Geelong East Primary School students have become some of Deakin's youngest learners, thanks to a special program linking the University's science undergraduates with young scholars to help facilitate a passion for ongoing learning.
The students are learning about robotics and coding as part of the Deakin Engagement and Access Program, which supports primary and secondary schools in areas underrepresented in higher education.
The program, led by Deakin's Equity and Diversity unit, works with more than 30 schools across Geelong, Melbourne and the broader Barwon South West Region.
Equity and Diversity Social Work Student Melissa Harries said the current cohort of almost 100 Geelong East grade 5 and 6 students was working with Deakin third-year science students Mark Larkins and Naima Hassen to build and program their own Lego robots across eight sessions.
Ms Harries said she was impressed with how quickly the primary schoolers embraced the project.

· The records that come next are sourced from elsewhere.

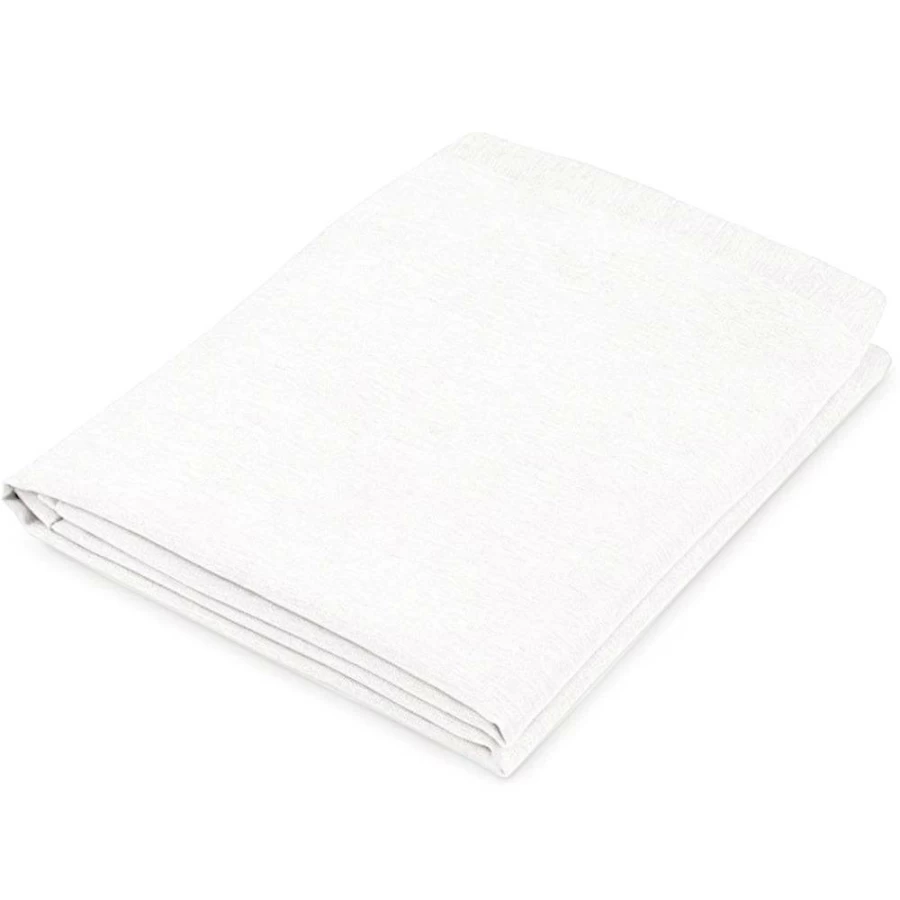 New Unilove Hug Me Plus Fitted Sheets 2 Pack White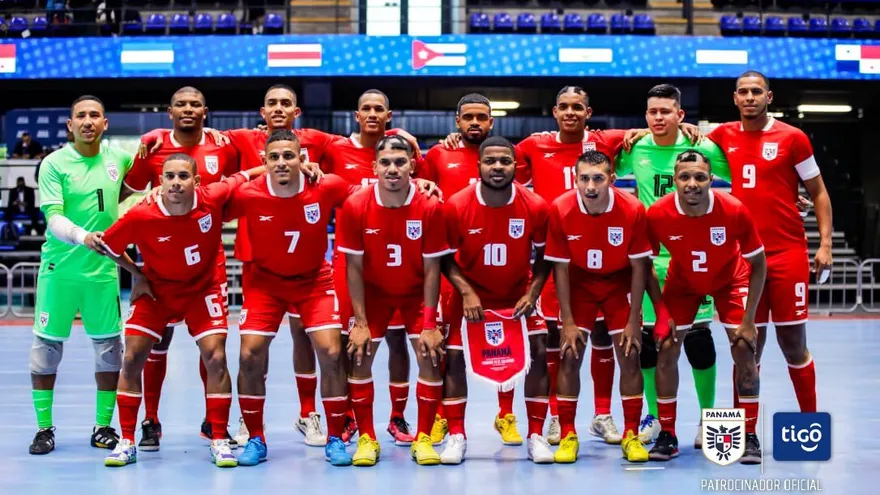 Selección-de-futsal-de-Panamá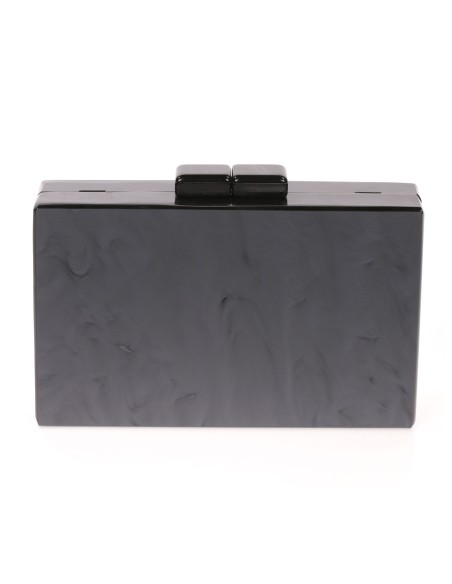 Clutch fiesta nácar negro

"It has been incredible to watch the students build and code their robots with such enthusiasm and ease, they should be so proud of their success," she said.
"Every student, regardless of their experience in robotics or coding, engaged in the project - they showed further skills in communication and team work as they worked effectively in small groups, and their determination to find a result through trial and error has been very impressive."
Ms Harries said DEAP worked with students from grade 3 to year 12, delivering coordinated activities and events designed to promote self-efficacy and literacy at the primary level, and then focusing on students' educational aspirations and pathways into higher education at the secondary level.
The current project has been a collaboration between DEAP, Deakin University's Faculty of Science, Engineering and Built Environment, Geelong East PS, and the Ardoch Youth Foundation.
The Ardoch Youth Foundation, a children's education charity with offices in Corio, Geelong, contributed to the project through their donation of LEGO Mindstorms robotics kits funded through the Percy Baxter Charitable Trust.
"This project has also afforded Deakin Community Science Project unit students Mark and Naima the opportunity to share their knowledge in their field of study with a very captivated audience, supporting their own professional and skill development," Ms Harries said.
Geelong East PS grade 5/6 teacher Candice Rogers said the program provided her students with "essential 21st century skills as they go forward to high school".
"Geelong East PS is using 21st century learning tasks to build literacy and team work skills using advanced robotic technology and coding," Ms Rogers said.
"This partnership with Deakin University has provided an opportunity for the students to put their Lego knowledge to practice and work through different robots and coding programs."
The budding roboticists at Geelong East PS toured the site of some of Geelong's most impressive technological breakthroughs this month, with a recent excursion to Deakin University’s Waurn Ponds campus.